The Wasielewski Group is housed in Ryan Hall, the Nanofabrication Building completed in 2002. This facility has 44,000 net square feet of state-of-the-art research space designed for the demanding laboratory work required to advance the field of nanotechnology. The Wasielewski group occupies approximately 6,000 square feet of laboratory and office space in this facility.
The Wasielewski Group is well-equipped to carry out synthetic chemistry procedures in 16 6-foot fume hoods with vacuum lines and a separate hood hosting an Expedite oligo nucleic acid synthesizer. Purified anhydrous solvents are easily accessible from the Glas-Contour column solvent purification system. Instrumentation rooms adjacent to the synthesis laboratories house benchtop equipment, such as a spin coater, analytical and preparative HPLC equipment (in both normal and reverse phase), a Shimadzu GC system, CH Instruments Model 660 and 750 single/dual channel electrochemical analysis systems. Air-sensitive chemistry can be carried out in two nitrogen glove boxes (MBraun); another nitrogen box is equipped with a vacuum thermal evaporator (Denton) for thin-film preparation.
Electron Paramagnetic Resonance (EPR) Laboratory
Electron Paramagnetic Resonance (EPR) Spectroscopy Lab.
Our lab features state-of-the-art EPR measurement capability at X-, Ka- and W-bands. We have three spectrometers capable of both steady state and time resolved EPR measurement. Some of our capabilities include: CW EPR and electron-nuclear double-resonance (ENDOR) spectroscopies; time-resolved CW EPR; pulsed EPR experiments such as electron-spin echo modulation (ESEEM), ENDOR; and multi-frequency experiments such as electron-electron double resonance (ELDOR) spectroscopy. For sample photo-excitation, the lab is equipped with two nanosecond Nd;YAG lasers whose output is each coupled to an optical parametric oscillaotor (OPO) to generate outputs at 355 nm and 416-650 nm.
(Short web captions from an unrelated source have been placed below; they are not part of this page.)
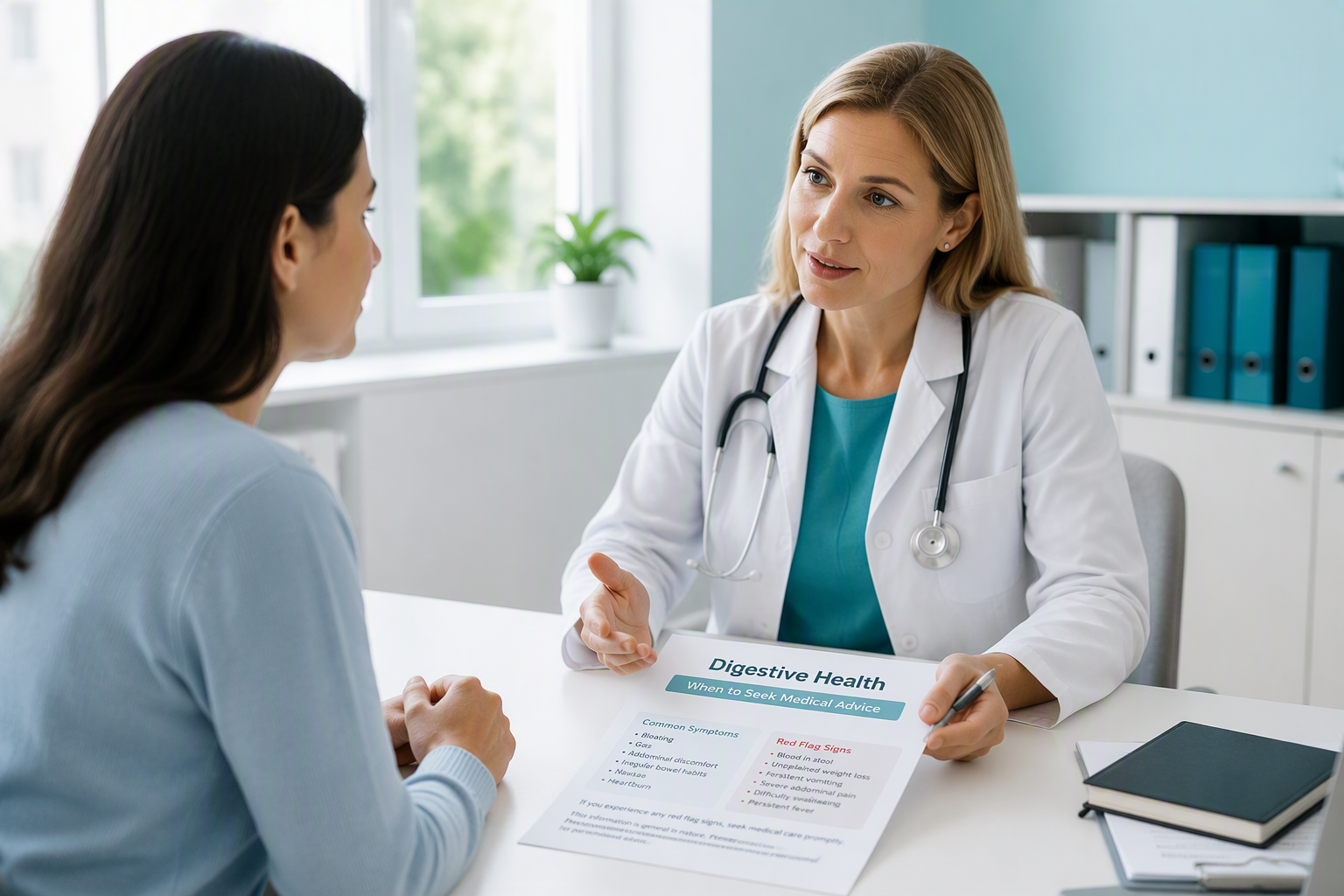Patient discussing probiotic safety and digestive warning signs with a healthcare professional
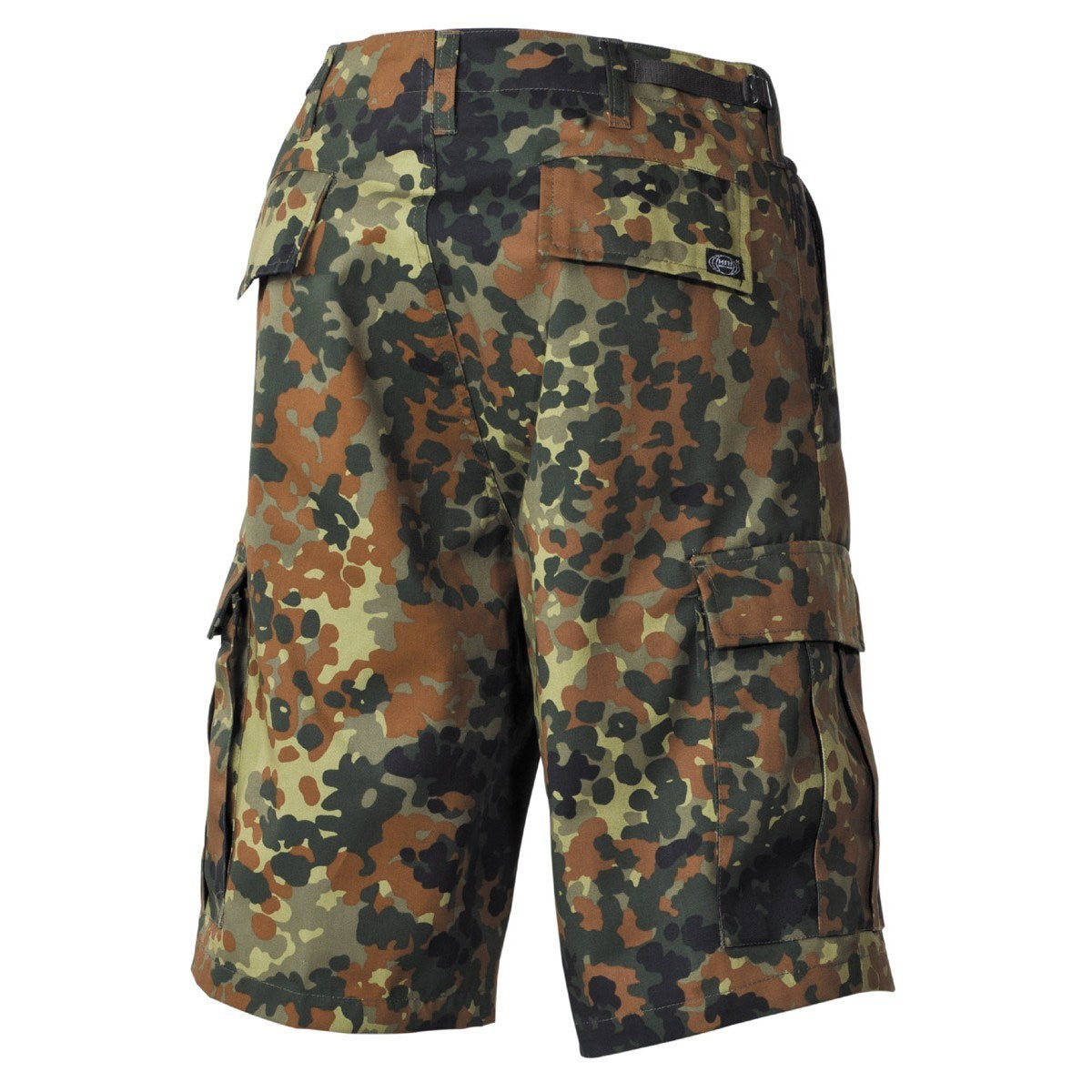 Pantalones cortos US corte BDU Flecktarn, 65% poliéster 35% algodón, bolsillos laterales
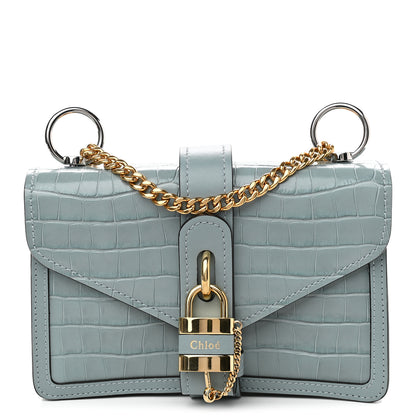 Chloe Calfskin Crocodile Embossed Aby Chain Shoulder Bag Faded Blue 1 of 9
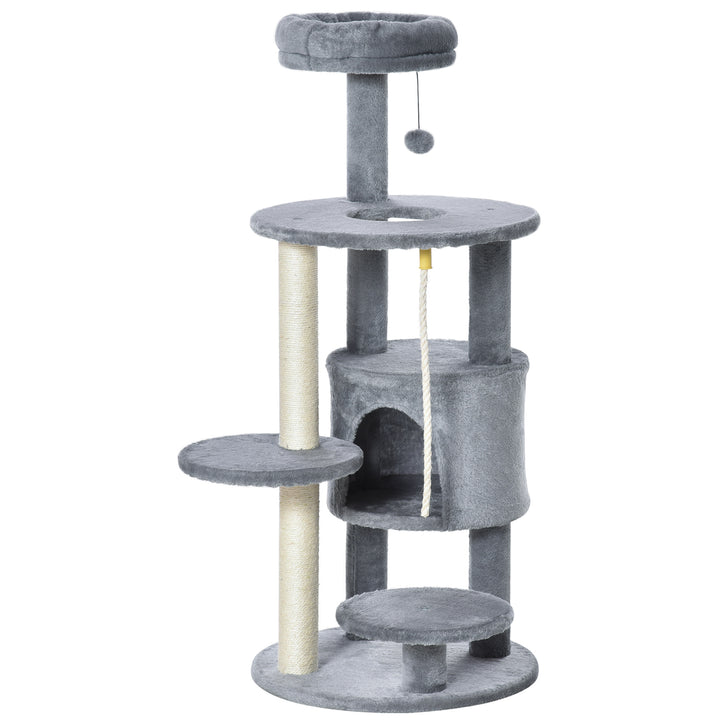 PawHut Cat Tree Tower, 112cm, with Jute Scratching Post, Perch, Hanging Ball, Teasing Rope for Climbing Kittens, Dark Grey | Aosom UK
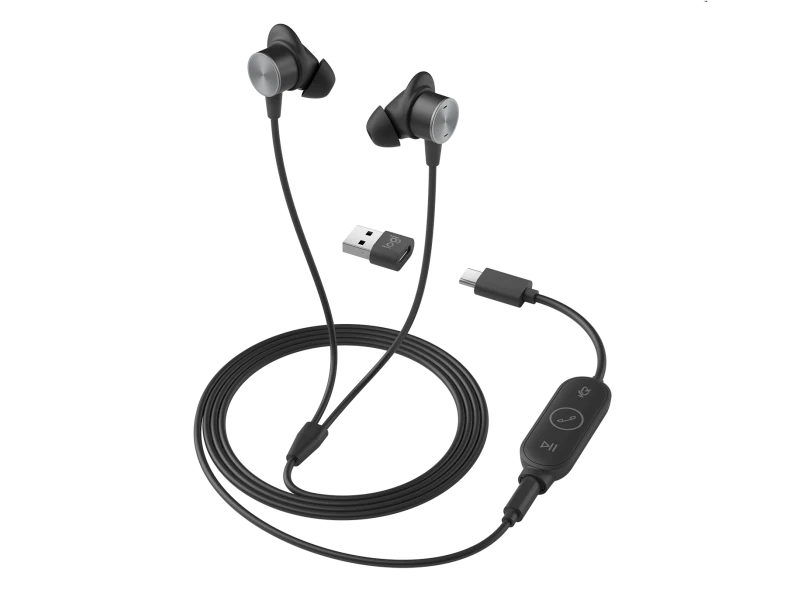 LOGITECH - Zone Wired Earbuds - Graphite - USB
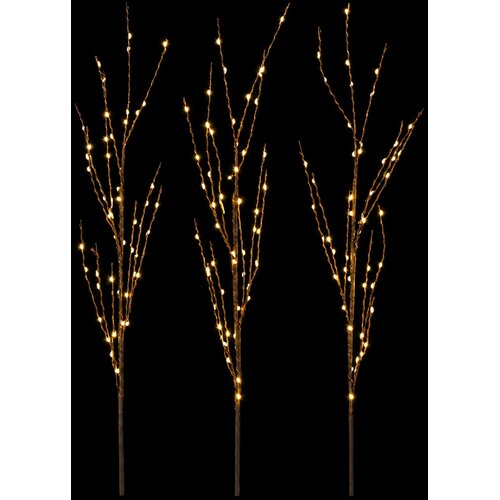  LED bakrena ukrasna božićna grana 3 kom. Smeđa 62 cm Čelik Slike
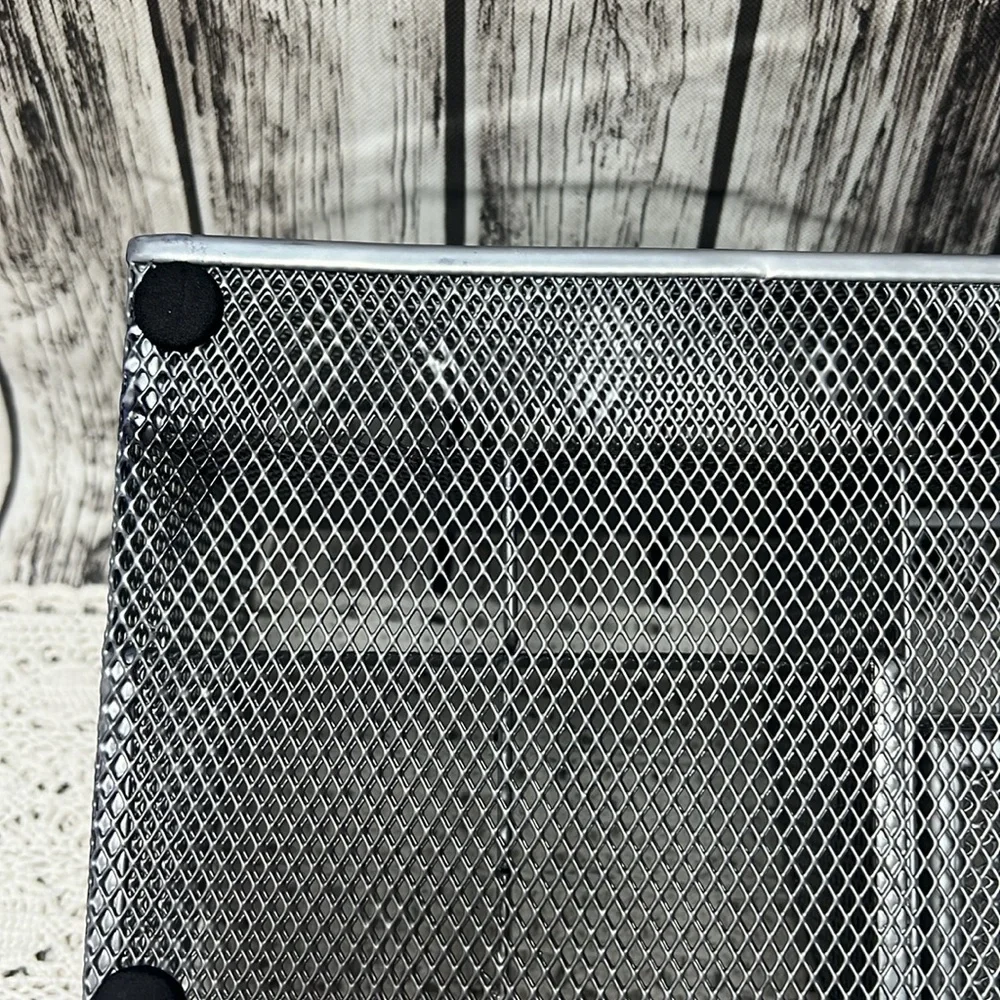 Pink and Gray Mesh Desk Organizer 2 piece set. Organization for papers,pens etc.
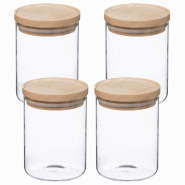 WellHome - Lot de 4 bocaux en verre et bois de 600 ml - transparent verre PK3929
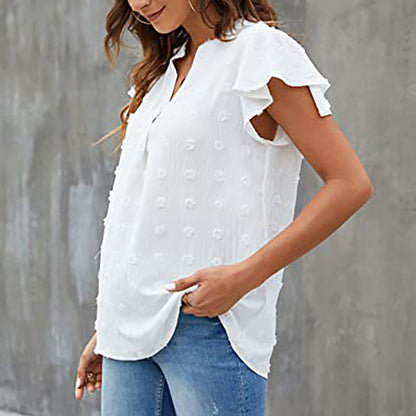 Women's V Neck Ruffle Short Sleeve Blouse Business Office Casual Top Shirts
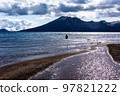 Fisherman of Lake Shikotsu, a national park in Hokkaido, Japan 97821222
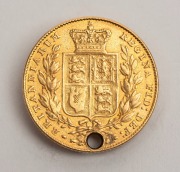 GREAT BRITAIN: VICTORIA, Young Head 1842 Sovereign, Shield reverse, F (holed). - 2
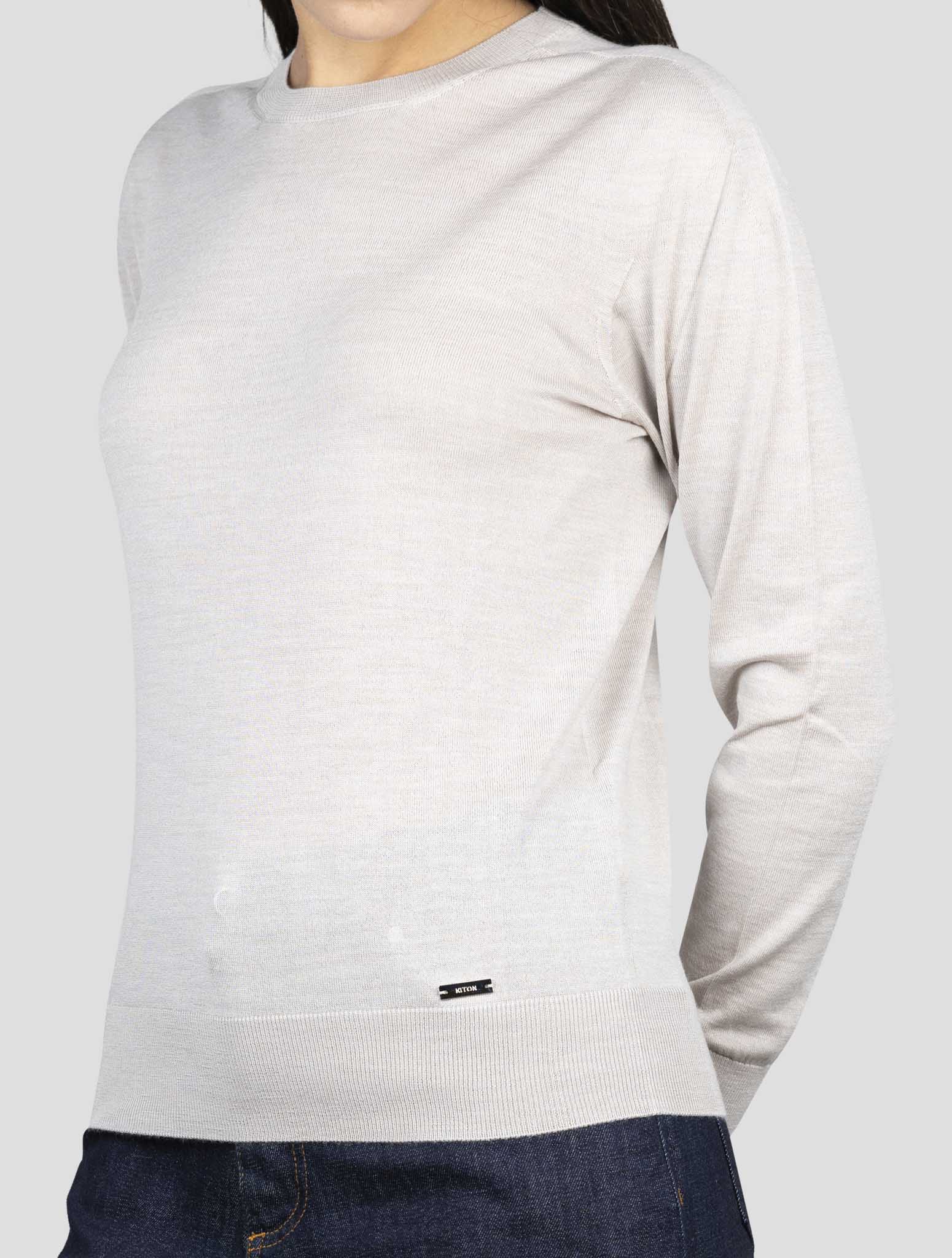 Kiton Taupe Wool Sweater Crewneck
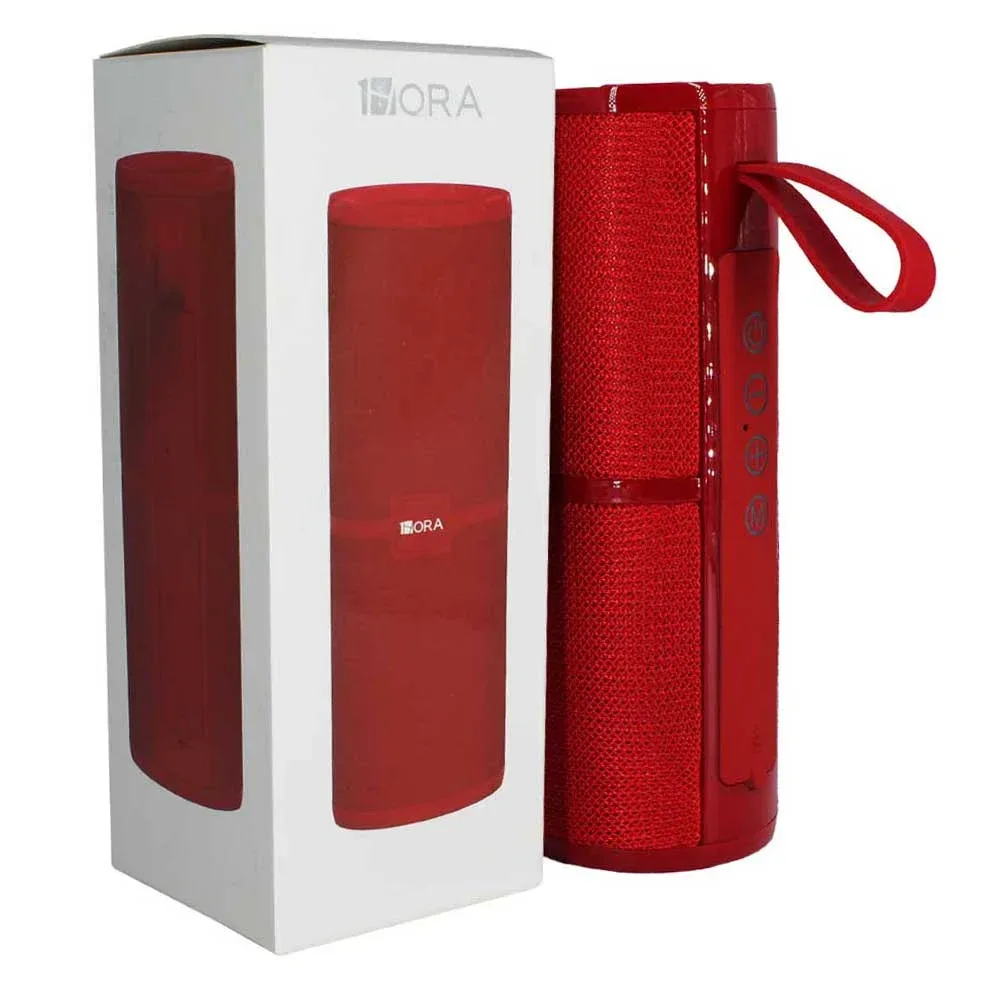 Bocina 1hora, cilíndrica, recargable, con botones de reproducción laterales, detalles con reflejos y asa agarradera, variedad de colores / 773286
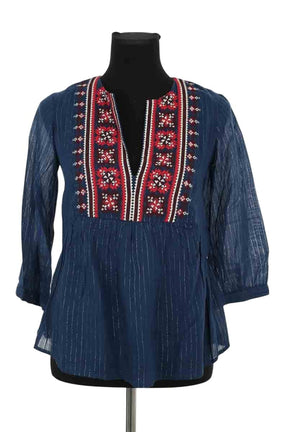 Tunique Ba&Sh Bleu en Coton, taille XS - Seconde Main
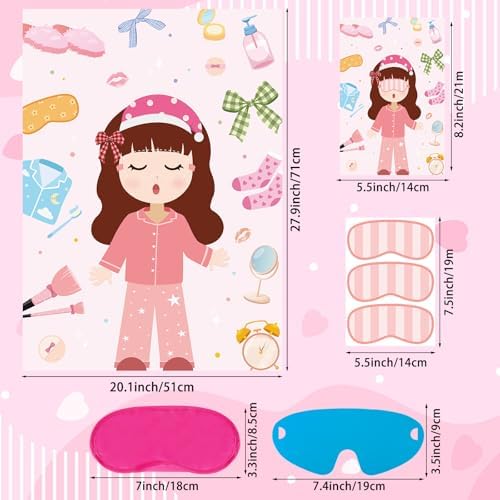 Hooqict Sleepover Slumber Party Games Pin The Blindfold on The Girl for Kids Girls Night Birthday Party Decorations Supplies, Large Pin Tail Games Poster with 27 Stickers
The primary workhorse in our lab is a recently upgraded Bruker E-680X/W Pulse-EPR spectrometer. This spectrometer operates at X-band (9.5 GHz or around 350 mT) as well as at W-band (94 GHz or ~3.5 T) and includes an ENDOR unit which operates at both fields. At X-band a 1 kW traveling wave tube (TWT) amplifier is employed to generate high-power microwave pulses, at W-band solid state amplifiers give 2 W of microwave power. This spectrometer is outfitted with an arbitrary waveform generator (AWG) which provides complete control over the frequency, shape, phase, and amplitude of the microwave pulses.
In addition, we have a second Bruker E-580X spectrometer that can operate in CW and Pulse modes at X-band. This spectrometer is also equipped with an ENDOR unit. While this spectrometer does not have an AWG, it does have 8 user-configurable microwave pulse forming units which allows for a greater degree of control over the amplitude and phase of the pulses compared to a conventional 4-channel spectrometer.
We also have a recently upgraded home-built Ka-band (34 GHz, ~1.2 T) spectrometer. This spectrometer designed to operate with a high resolution 8 GSa/s 14-bit AWG, generating a waveform with up to 2 GHz of bandwidth, which is up-converted to Ka-band. The spectrometer can operate in both CW and Pulse modes and in pulse mode it has a maximum output of 10 W.
The Wasielewski group has a recently renovated state-of-the-art laser laboratory with 6 individual rooms with individual climate control. Each room is positively pressurized to reduce contamination and maintain tight control over temperature and relative humidity, with a nominal 1 °C / 2% RH tolerance over 8 hours and over 8 months. Each room houses a laser system with dedicated experiments.